Is there a particular rendezvous near you that you especially enjoy? Find out which club is putting it on, and ask around for club members. If you see anyone wearing a bright red sash or arm tie, stop 'em and ask. They're "dog soldiers" (camp rules enforcement), who are members of the club. They can point you in the right direction to club officers who can in turn give you the lowdown about membership.
If you've strayed a little farther from home, keep your eyes peeled for flyers advertising upcoming events. There's alway a sponsoring club and contact people listed-- if they didn't want to be called, they wouldn't have their number there. See if there's any for a club near your area and give the contact person a call. They can point you in the right direction. (Besides, you'll want those flyers anyway to plan your upcoming social season.)
When you're exploring the wilds of Cyberland, try hitting "black powder" or "rendezvous" on your favorite search engine and be prepared to follow a lot of links. You may get lucky and find a page for a club within a reasonable driving distance. If so, drop the webmaster a line. If you find events listed with names of contact people, give 'em a call.
The next time you're at your favorite historic site, have a talk with the staff members. They're going to have a handle on any black powder clubs based around it. (Here's a little secret: a lot of times when you let it slip that you that you're interested in reenacting, the conversations with historic site staff can get a little more in-depth than one with just J.Q. Public. It's an added bonus to wearing funny clothes in your spare time.)
Have you started hanging around any of your local black powder shops yet? If you have, ask the owner if he knows of any black powder clubs in the area and how to get in touch with them. If not, here's one more darn good reason to start.
When you find a club that looks right for you, make sure that you know beforehand what the rules for membership are. They vary from club to club. A lot of clubs will accept enthusiastic flatlanders even if they don't have proper clothing and firearms, providing that the new member agrees to be properly clothed and armed within a given time. For dues, plan to spend about ten to thirty dollars a year, but in a lot of clubs that covers the entire family. Some clubs require sponsorship. That's usually not a problem since most clubs are looking for folks to be an active part of their outfit. Another thing clubs look for are folks who are members of the NMLRA.
"NMLRA" is the shortened and nearly unpronouncable version of the "National Muzzle Loading Rifle Association." It is a national organization and is to muzzloading firearms what the NRA is to modern ones. Local clubs like NMLRA members because club events and shoots can be readily insured by them when ten or more club members also belong to the NMLRA.

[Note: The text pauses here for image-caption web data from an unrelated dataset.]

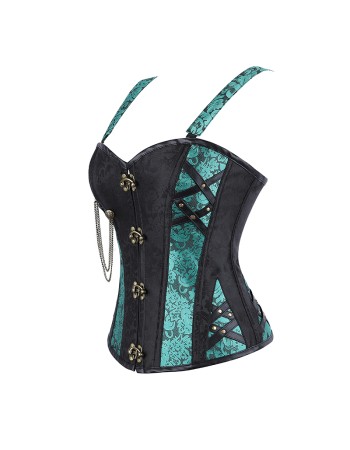 Corset Bustier Top for Women Ladies Sexy Gothic Steampunk Overbust Corsets Waist Trainer Cincher Lingerie CY326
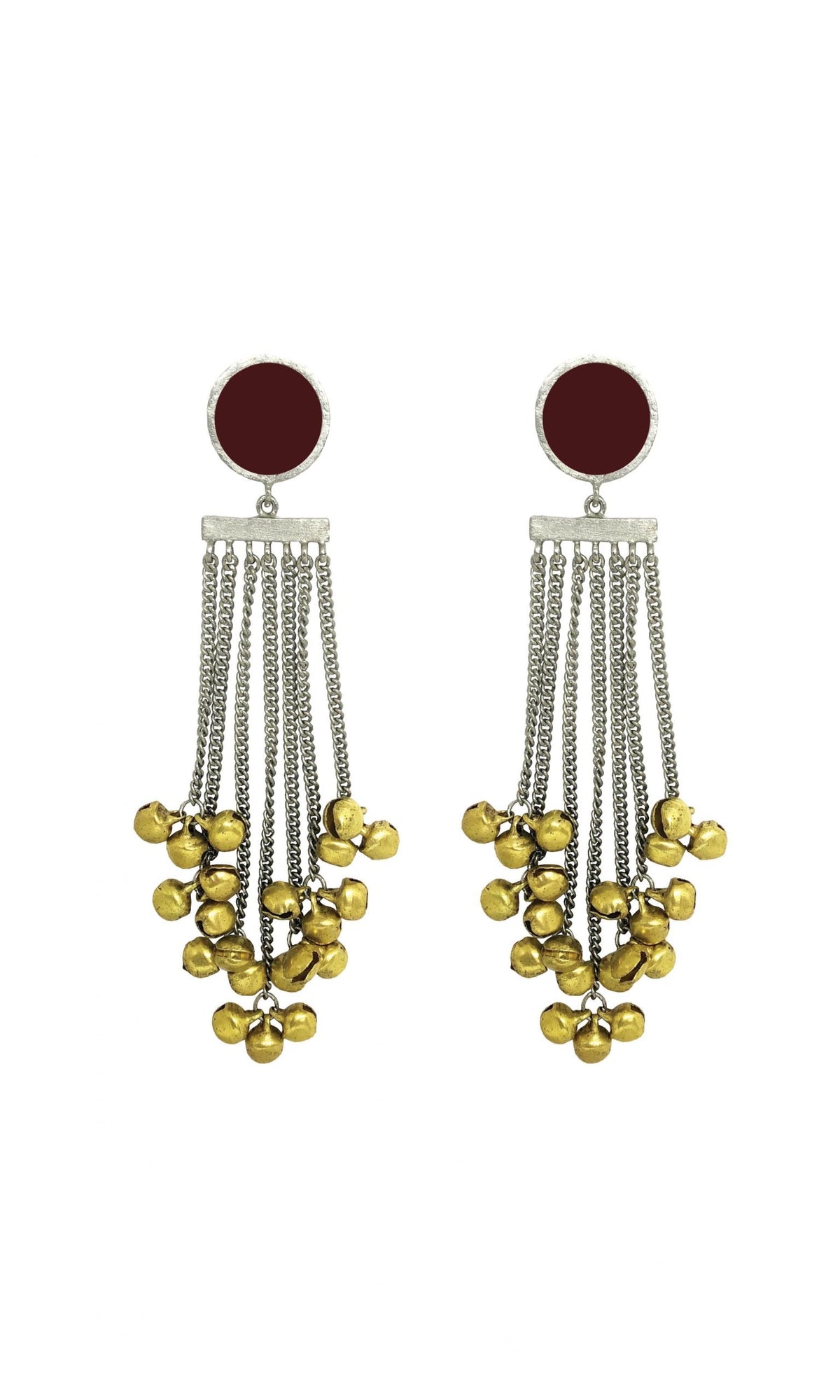 Tasseled Ghunghroo Earrings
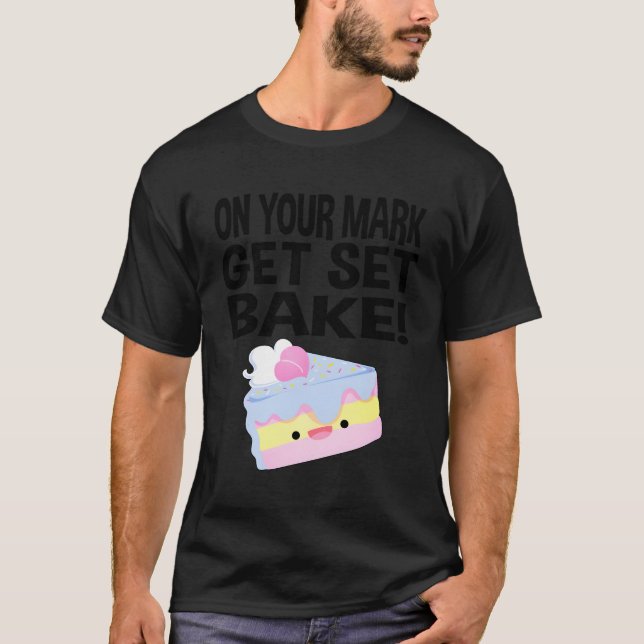 Camiseta Británico Baking Show S Get Set Bake (Anverso)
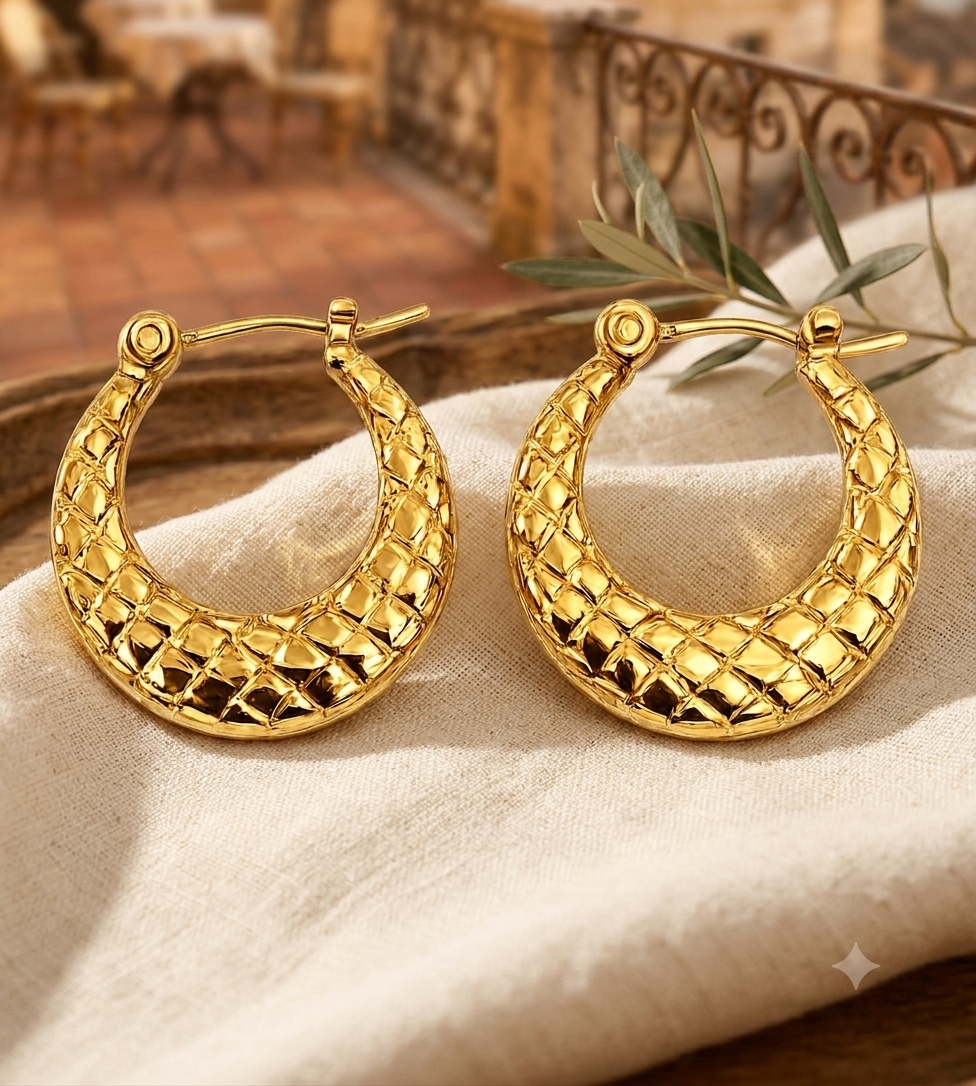 Luna Quilted Hoops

From the individual's point of view, there are more reasons to join. Since NMLRA is nationwide, they set the standards for their approved shoots. Members get discounts on targets and books. There's black powder related educational programs to take advantage of. Their monthly magazine, "Muzzle Blasts," has articles covering all aspects of muzzleloading firearms. It alone is worth the thirty dollars in annual dues. Check out their website at http://www.nmlra.org or give them a call at 800-745-1493.
I'd like to leave you with a few parting thoughts. First of all, I urge you to start looking for your local club as soon as you can, and join the NMLRA. (You can do that now, since the NMLRA isn't going to make you promise to buy clothing or even a gun!) When you find your club, you're going to find fun and fellowship, and more. You'll find a sense of accomplishment when you help put on that good shoot or that memorable rendezvous. You'll find a contentment at the club Christmas party potluck that has nothing to do with a full belly. It may never put a nickel in your pocket, but it's a satisfaction too often missing in our Monday through Friday lives.
And remember, even a lone wolf needs a lair.